Billy Wilder’s Sunset Boulevard is one of his three or four masterpieces, a seminal Hollywood black comedy-satire, which unlike most films keeps improving with the passage of time.
Benfiting from a glorious and iconic cast, the film concerns a faded silent film star, played by Gloria Swanson (in a variation of her own onscreen persona), who lives in the past with her butler (and former husband), while sheltering a young hack screenwriter as a kept lover.
Produced by Charles Brackett and co-written by Billy Wilder and Brackett, “Sunset Boulevard” was nominated for several Oscar Awards, but the big winner in 1950 was Joseph Mankiewicz’s “All About Eve,” which also offers a biting look at showbusiness, this time the Broadway theater.
With this film, Wilder mixes a psychological melodrama with a dark comedy for the first time. Indeed, at once bitter and satirucal, the film provides a fascinating look at the Hollywood film industry at a crucial time of its history.
“Sunset Boulevard” symbolizes in its style the transition from the already decaying old glamour of the movie capital to a more cynical and world-wise “New Hollywood.”

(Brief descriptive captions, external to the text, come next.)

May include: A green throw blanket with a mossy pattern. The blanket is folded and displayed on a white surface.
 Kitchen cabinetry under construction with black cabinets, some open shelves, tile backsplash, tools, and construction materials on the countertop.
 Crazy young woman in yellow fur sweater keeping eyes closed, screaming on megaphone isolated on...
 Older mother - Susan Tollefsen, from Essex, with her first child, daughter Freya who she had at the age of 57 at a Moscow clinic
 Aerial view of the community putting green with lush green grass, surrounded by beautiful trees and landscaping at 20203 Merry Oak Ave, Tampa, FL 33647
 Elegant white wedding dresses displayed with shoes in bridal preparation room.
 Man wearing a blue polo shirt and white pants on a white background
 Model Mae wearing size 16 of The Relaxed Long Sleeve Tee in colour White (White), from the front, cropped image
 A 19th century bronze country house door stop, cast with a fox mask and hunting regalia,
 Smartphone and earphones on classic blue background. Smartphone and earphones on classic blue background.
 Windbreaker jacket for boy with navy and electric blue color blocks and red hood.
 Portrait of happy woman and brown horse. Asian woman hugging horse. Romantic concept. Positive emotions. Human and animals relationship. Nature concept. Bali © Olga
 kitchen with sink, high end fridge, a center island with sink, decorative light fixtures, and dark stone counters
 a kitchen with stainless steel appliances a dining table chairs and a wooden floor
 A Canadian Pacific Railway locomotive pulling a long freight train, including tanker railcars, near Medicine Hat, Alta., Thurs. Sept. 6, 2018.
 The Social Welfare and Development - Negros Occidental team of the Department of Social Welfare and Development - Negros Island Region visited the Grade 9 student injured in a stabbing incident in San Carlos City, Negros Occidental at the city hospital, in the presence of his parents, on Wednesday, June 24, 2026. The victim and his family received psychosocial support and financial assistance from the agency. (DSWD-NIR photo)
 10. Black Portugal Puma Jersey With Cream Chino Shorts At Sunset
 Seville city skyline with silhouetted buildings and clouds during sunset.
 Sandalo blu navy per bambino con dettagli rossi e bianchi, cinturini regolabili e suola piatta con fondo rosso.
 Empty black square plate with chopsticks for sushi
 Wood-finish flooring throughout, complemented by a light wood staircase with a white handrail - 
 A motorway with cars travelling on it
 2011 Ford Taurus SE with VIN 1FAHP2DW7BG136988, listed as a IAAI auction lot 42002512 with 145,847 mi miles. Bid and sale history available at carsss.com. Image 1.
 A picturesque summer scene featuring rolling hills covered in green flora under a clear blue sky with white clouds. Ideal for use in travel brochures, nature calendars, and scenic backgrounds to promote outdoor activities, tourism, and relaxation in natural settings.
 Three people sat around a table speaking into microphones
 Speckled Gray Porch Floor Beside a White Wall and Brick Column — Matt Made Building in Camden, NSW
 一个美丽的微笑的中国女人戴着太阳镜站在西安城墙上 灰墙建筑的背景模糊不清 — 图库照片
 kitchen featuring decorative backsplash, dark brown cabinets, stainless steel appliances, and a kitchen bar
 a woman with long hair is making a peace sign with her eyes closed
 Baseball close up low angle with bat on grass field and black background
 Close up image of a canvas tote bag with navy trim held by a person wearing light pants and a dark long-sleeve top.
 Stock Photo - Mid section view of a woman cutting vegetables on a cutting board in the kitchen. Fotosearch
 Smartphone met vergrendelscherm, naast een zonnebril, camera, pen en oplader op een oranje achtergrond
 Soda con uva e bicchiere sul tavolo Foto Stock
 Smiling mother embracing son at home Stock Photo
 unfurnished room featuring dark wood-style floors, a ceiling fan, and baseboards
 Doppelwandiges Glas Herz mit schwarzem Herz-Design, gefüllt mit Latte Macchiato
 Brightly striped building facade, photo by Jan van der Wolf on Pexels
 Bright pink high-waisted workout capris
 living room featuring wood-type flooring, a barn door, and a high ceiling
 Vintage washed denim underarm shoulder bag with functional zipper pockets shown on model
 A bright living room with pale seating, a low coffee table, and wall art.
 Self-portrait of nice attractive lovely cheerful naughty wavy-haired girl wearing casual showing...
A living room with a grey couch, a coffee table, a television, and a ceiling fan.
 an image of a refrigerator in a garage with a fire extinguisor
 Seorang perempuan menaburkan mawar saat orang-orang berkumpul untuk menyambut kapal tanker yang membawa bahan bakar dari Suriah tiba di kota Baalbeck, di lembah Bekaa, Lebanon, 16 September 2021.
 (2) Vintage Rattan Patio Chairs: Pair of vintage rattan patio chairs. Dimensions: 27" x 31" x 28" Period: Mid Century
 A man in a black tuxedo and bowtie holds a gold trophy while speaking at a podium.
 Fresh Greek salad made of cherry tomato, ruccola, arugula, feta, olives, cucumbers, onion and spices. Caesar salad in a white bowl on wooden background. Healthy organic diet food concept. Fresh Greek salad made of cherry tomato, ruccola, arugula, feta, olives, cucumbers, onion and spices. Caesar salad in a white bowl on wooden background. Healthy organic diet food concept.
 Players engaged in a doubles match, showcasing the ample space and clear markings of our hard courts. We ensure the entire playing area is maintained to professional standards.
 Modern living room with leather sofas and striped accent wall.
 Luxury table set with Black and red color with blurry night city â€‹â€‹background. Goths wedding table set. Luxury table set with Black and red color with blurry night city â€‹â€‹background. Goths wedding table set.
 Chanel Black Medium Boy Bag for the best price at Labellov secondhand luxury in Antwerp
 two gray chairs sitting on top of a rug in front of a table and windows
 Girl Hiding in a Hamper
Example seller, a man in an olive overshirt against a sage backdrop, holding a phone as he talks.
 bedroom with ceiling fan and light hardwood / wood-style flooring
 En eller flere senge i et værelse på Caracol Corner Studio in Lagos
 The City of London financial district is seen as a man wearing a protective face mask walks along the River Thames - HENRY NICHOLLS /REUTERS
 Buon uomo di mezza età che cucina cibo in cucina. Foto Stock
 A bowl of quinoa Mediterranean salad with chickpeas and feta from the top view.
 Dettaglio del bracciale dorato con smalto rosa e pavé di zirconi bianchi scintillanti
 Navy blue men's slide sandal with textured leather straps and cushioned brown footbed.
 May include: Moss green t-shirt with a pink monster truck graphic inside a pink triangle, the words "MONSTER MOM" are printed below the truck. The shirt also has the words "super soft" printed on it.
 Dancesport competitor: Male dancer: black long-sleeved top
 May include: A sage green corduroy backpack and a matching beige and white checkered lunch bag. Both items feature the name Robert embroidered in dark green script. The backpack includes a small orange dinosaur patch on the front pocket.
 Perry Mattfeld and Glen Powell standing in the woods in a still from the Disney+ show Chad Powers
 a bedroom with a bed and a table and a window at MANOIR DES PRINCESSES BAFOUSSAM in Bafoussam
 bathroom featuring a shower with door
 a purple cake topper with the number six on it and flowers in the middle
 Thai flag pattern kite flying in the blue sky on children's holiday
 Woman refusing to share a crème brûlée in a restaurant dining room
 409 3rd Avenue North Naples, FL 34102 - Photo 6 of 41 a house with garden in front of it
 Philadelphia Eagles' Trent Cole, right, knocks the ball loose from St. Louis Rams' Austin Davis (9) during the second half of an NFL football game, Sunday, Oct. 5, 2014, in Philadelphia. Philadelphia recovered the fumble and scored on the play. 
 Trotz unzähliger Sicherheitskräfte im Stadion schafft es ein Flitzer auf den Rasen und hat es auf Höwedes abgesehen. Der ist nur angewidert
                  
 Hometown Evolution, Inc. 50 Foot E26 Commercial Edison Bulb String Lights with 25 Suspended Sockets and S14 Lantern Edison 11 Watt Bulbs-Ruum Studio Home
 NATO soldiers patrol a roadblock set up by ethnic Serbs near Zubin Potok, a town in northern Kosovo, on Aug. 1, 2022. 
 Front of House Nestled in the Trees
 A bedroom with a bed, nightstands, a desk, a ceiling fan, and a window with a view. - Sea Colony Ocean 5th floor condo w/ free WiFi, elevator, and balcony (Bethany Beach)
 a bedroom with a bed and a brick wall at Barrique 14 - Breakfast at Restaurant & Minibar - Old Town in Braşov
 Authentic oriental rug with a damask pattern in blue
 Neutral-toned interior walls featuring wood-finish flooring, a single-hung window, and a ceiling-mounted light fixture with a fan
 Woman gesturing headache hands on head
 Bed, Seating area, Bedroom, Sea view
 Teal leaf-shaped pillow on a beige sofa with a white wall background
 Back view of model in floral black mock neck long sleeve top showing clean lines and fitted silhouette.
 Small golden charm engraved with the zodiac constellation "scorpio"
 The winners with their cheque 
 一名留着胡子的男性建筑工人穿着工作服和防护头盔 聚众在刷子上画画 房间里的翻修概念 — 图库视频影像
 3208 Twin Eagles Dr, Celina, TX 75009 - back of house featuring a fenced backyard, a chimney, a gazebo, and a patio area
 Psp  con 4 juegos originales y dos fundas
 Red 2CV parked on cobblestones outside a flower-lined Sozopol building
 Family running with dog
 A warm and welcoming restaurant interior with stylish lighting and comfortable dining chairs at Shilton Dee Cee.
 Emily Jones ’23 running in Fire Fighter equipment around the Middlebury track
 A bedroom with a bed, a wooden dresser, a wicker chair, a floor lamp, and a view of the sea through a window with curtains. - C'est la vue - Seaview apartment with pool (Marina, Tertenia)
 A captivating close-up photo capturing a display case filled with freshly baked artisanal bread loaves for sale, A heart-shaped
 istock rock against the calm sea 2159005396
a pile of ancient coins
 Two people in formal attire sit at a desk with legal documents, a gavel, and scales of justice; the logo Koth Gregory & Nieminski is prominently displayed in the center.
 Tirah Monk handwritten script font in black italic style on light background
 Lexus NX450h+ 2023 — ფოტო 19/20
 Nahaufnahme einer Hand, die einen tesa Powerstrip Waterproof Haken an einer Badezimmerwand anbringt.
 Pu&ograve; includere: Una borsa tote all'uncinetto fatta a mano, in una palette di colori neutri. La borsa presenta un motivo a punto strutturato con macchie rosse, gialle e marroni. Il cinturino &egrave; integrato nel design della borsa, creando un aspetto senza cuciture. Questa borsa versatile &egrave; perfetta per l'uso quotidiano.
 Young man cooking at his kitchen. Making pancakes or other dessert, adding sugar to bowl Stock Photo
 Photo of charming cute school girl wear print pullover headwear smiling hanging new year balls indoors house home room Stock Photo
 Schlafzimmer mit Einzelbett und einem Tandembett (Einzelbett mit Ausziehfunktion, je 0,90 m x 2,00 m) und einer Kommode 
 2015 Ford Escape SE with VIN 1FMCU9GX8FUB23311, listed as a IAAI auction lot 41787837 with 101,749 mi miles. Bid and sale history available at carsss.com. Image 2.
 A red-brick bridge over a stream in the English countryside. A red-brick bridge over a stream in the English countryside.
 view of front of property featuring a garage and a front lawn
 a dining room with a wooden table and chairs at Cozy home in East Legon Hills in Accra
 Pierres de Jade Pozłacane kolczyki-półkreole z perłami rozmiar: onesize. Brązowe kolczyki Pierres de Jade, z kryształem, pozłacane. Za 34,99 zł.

The idea is clear from the opening sequence, which reverses the convention of “meet cute” of most romantic comedies and dramas. In the first scene, we view the body of Joe Gillis (William Holden) floating face downward in a swimming pool, as the dead man’s voice directly addresses us (“Poor devil–he always wanted a pool!”), as though viewing himself from a distance.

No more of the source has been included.